Disgraced Label Burger Records’ Headquarters Lives on as White Rabbit Shop

In the early to mid-2010s, one of the most influential spots in underground rock’n’roll music was in an Orange County strip mall. Located near Cal State Fullerton, not far from Disneyland, Burger Records’ space housed a constellation of businesses including a brick-and-mortar retail shop, label headquarters, venue, residence, and burgeoning garage-punk brand. Between the mint-green walls and shelves of candy-colored cassettes, all-ages shows regularly took place, with drugs and alcohol reputedly present. In July of 2020, when allegations of sexual misconduct surfaced involving members of more than a dozen bands on the Burger label, the store was named as the setting for some of the alleged abuse.
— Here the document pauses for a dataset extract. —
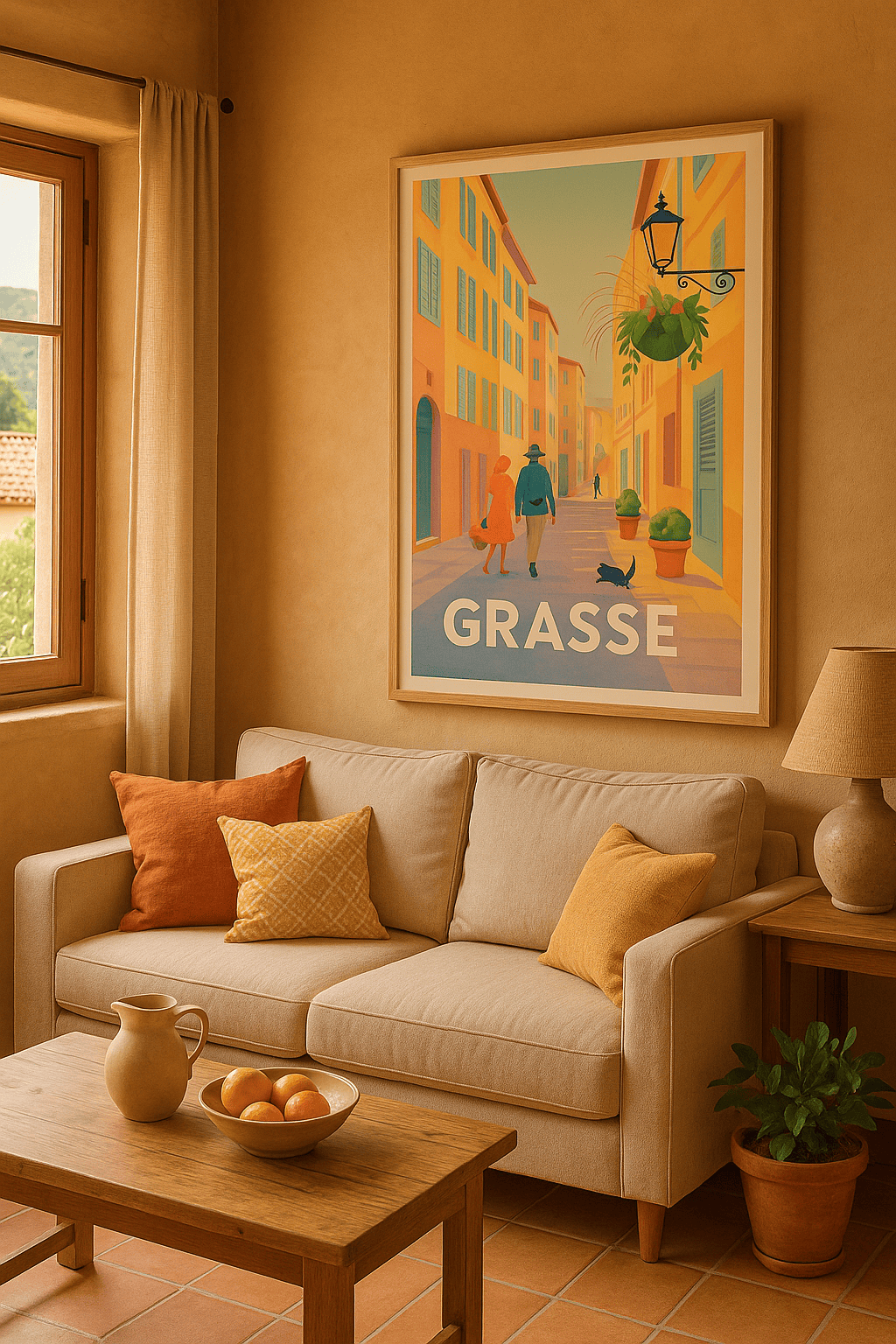 Alpes-Maritimes France Affiche de Grasse - Flâneries en douceur au cœur de la ville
Within days of the allegations becoming public, Burger announced it was shutting down at least its label. But almost a year later, a shop quietly remains open in its old location, under a new name. Though not, it appears, under new management. Now called White Rabbit Records, the place looks substantially similar to its predecessor, with the same shade of paint on the walls, the same prominent “cassettes” sign, and some familiar-looking artwork. Photos and videos on White Rabbit’s social media accounts seem to show the same two cats that lived there previously, and they have the same names: Dee Dee and Queenie. In certain images, the Burger logo is still visible on vinyl albums’ price stickers. While it may not be a surprise that business continues — and that rent bills still need to be paid — the details of the new store have not been widely reported.
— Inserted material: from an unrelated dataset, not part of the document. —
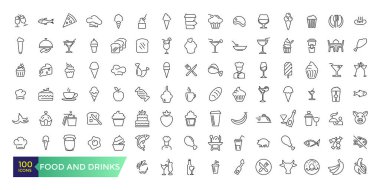 Yiyecek ve içecek ikonları koleksiyonu. Daha ince çizgi simgeleri seti. Yiyecek ve içecekler siyah simgeler.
According to an Orange County online records search, Sean Bohrman registered the White Rabbit Records business name in a filing dated September 30, 2020. Bohrman co-founded the Burger label in 2007 with his high school friend Lee Rickard, when Bohrman was 25 and Rickard was 23; they started the label partly to release music by their own band, Thee Makeout Party. With another business partner, Bohrman opened the Burger store in 2009. Bohrman and Rickard even lived in the place. Bohrman told KEXP journalist Emily Fox in a September 2020 interview that he used to work 16-hour days and had to wash his hair in a faucet in the alley, because there was no shower.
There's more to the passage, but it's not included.